Keberadaan mesin pendingin ini cukup berarti bagi koperasi dalam menjaga mutu susu segar yang dihasilkan. Menurut Munir, susu sapi yang sudah diperah harus segera dimasukkan ke mesin pendingin ini yang bersuhu 3-6 derajat agar lebih tahan lama, serta menghambat berkembangnya bakteri. Alat pendingin susu ini di pasaran cukup mahal, berharga ratusan juta rupiah. Koperasi tinggal mengoperasikan dan mengelola pendingin berdaya 10.600 KWH ini, serta mengalokasikan dana sekitar 2,5 juta rupiah perbulannya untuk biaya listrik PLN.
Secara garis besar warga dengan adanya sapi perah ini merupakan berkah dalam kesejahteraan. Ada yang perlu mendapat perhatian adalah pengelolaan susu segar agar mempunyai nilai lebih sekaligus pemasarannya. Saat ini peternak sapi yang dikoordinir koperasi masih berfokus pada produksi saja.
Peternak dan koperasi masih masih cukup rendah nilai tawarnya dalam menentukan harga jual susu segar yang dijual ke pabrik. Saat ini harga jual susu segar dari peternak ke koperasi antara 4.900-5.000 rupiah per liternya, tergantung kualitasnya.

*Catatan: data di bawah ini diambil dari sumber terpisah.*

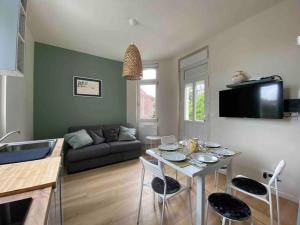 uma sala de estar com uma mesa e um sofá em Superbe appartement avec chambre, proche plage em Le Touquet-Paris-Plage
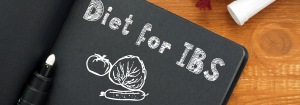 A notebook with black paper open on a wooden desk with the words 'Diet for IBS' written in white above drawings of vegetables to represent different dietary strategies for managing IBS and symptom relief.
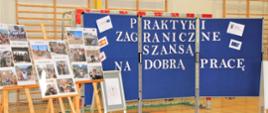 Sala gimnastyczna w Zespole Szkół w Chocianowie. Na podłodze stoją od lewej strony sztalugi ze zdjęciami. Po prawej stronie stoi niebieska plansza informacyjna.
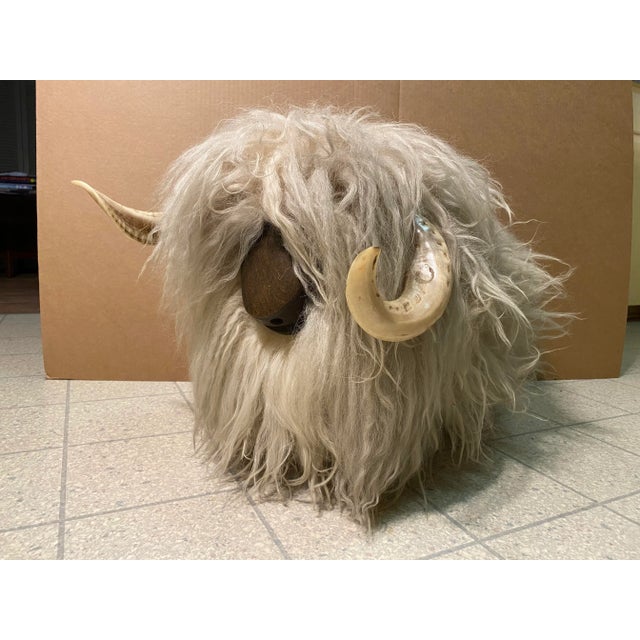 This is an absolutely fantastic footstool or ottoman. It is in the form of a woolly lamb or sheep. It has a very long fur...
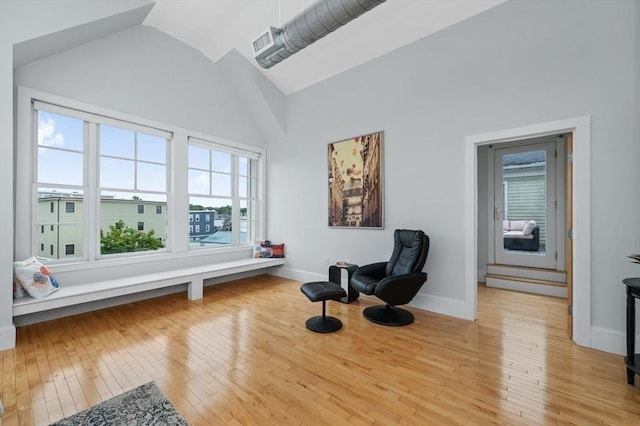 sitting room with vaulted ceiling and light wood-type flooring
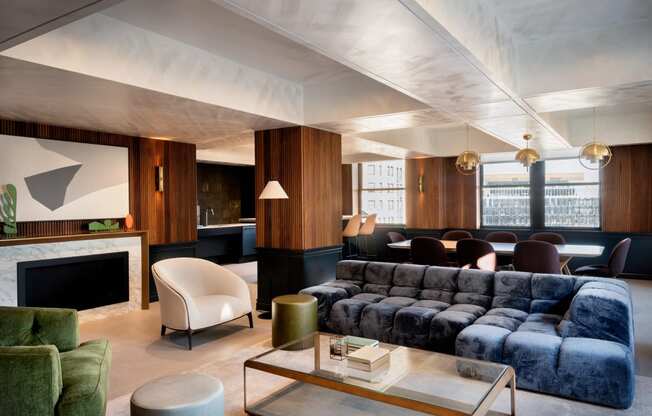 a shared amenity living room with a blue couch and a coffee tableat Book Tower, Detroit, MI, 48226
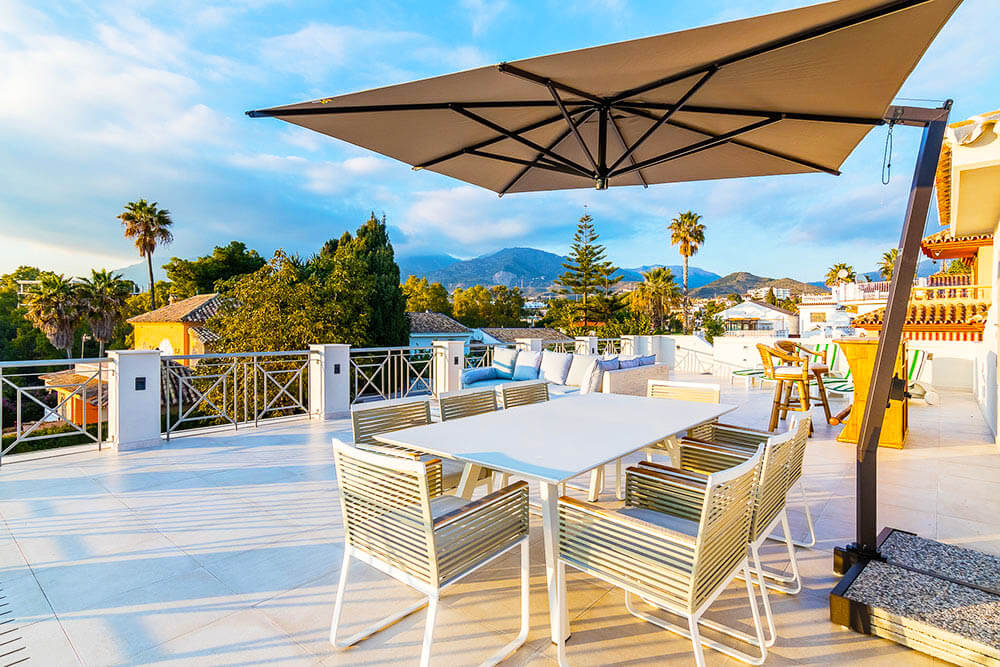 Stylish rooftop dinning in Marbella with sunshade and mountain views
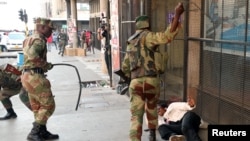 Soldiers beat a supporter of the opposition Movement for Democratic Change party of Nelson Chamisa outside the party's headquarters as they await the results of the general elections in Harare, Zimbabwe, Aug. 1, 2018.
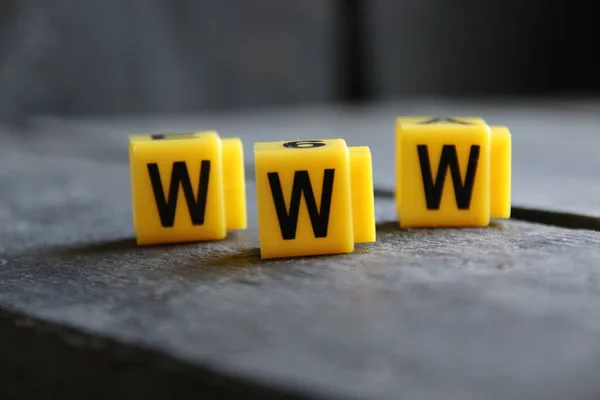 Web a www koncept. Žluté písmena na vinobraní pozadí. — Stock fotografie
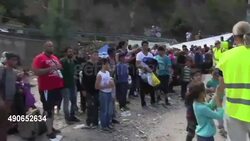 CLEAN : Greece puts on transport for arriving migrants News Clip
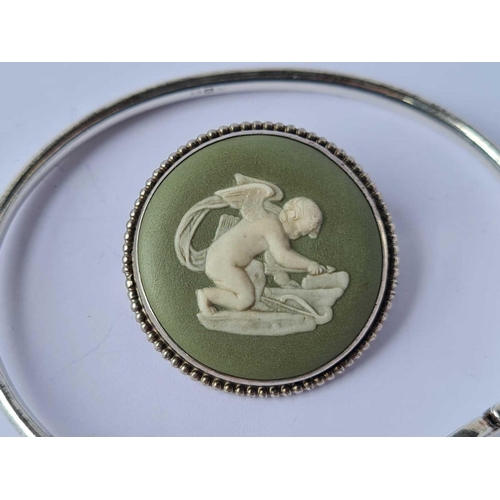 131 - A silver Wedgwood brooch together with a silver bangle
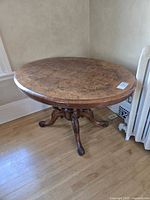 Full view of oval burl-top table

Masalah seperti ini perlu dipecahkan sehingga biaya pakan bisa ditekan. Sehingga ongkos produksi peternak dan harga jual susu bisa seimbang. Pemberdayaan lain seperti pasca produksi serta potensi pengembangan sektor lainnya (misalnya ekowisata) perlu mendapat perhatian, sehingga kesejahteraan petenak bisa lebih baik lagi.
Boleh dibilang Dusun Brau ini adalah dusun yang mandiri dalam mengelola potensi daerahnya. Sebagai sentra penghasil susu di Batu cukup membantu dalam memenuhi persediaan susu di antara konsumsi susu di masyarakat yang masih rendah. Walaupun terpencil, dan biarlah tetap terpencil, Dusun Brau ini.
Kesederhanaan dan eksotika pedesaan yang damai dan tentram membuat nilai tambah tersendiri di antara perkembangan modernitas (kota) yang kadang tidak memberikan jalan keluar. Walaupun terpencil dusun ini bukanlah termasuk dusun terisolasi dan tertinggal (baca: miskin).